In [None]:
import pandas as pd
import numpy as np
import seaborn as sns
import matplotlib.pyplot as plt
from sklearn.feature_extraction.text import TfidfVectorizer
from sklearn.cluster import KMeans
from nltk.corpus import stopwords
import nltk

In [None]:
df = pd.read_csv('df_final.csv')

In [None]:
aziende_df = pd.read_csv('aziende.csv')
esgs_df = pd.read_csv('esgs.csv')

In [None]:
aziende_df = aziende_df.drop('Unnamed: 0', axis=1)

In [None]:
aziende_df.head(2)

In [None]:
esgs_df.head(2)

In [None]:
# esgs_df = esgs_df.drop('Unnamed: 0', axis=1)
esgs_df = esgs_df.transpose()

In [None]:
esgs_df.rename(columns={'Azione': 'BRAND'}, inplace=True)

In [None]:
esgs_df.replace(1, 2030)

In [None]:
df = pd.merge(aziende_df, esgs_df, on='BRAND', how='inner')

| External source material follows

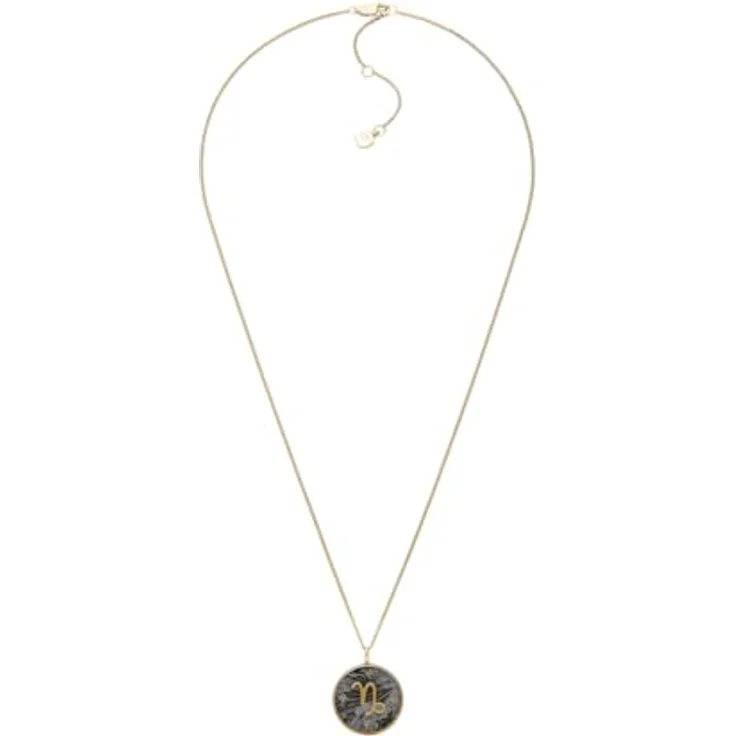 Fossil Damen-Halskette aus Edelstahl oder Sterlingsilber mit Karabinerverschluss, Metallic Schwarz – Bild 1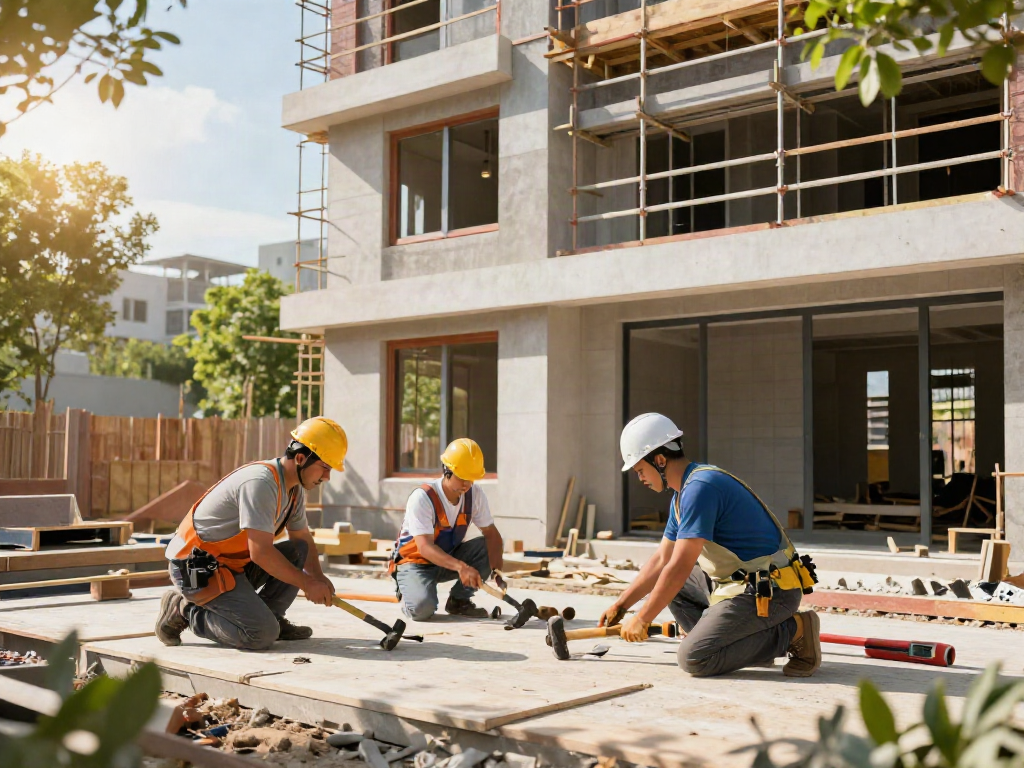 CMR Construction Group team collaborating on a modern residential renovation at a vibrant construction site.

# Display the first few rows of the merged DataFrame to confirm the merge
df.head()

In [None]:
df.to_csv('df1.csv')

In [None]:
# Count the number of companies per sector
sector_counts = df['SECTOR'].value_counts()

# Generate a bar chart for the number of companies per sector
plt.figure(figsize=(12, 8))
sns.barplot(x=sector_counts.values, y=sector_counts.index, palette="viridis")
plt.title('Number of Companies per Sector')
plt.xlabel('Number of Companies')
plt.ylabel('Sector')
plt.show()

In [None]:
# For demonstration, let's assume there's a column 'Environmental Goal Set' indicating if a company has set any environmental goal.
# Since the actual dataset structure for environmental goals is not specified, this step assumes a hypothetical scenario.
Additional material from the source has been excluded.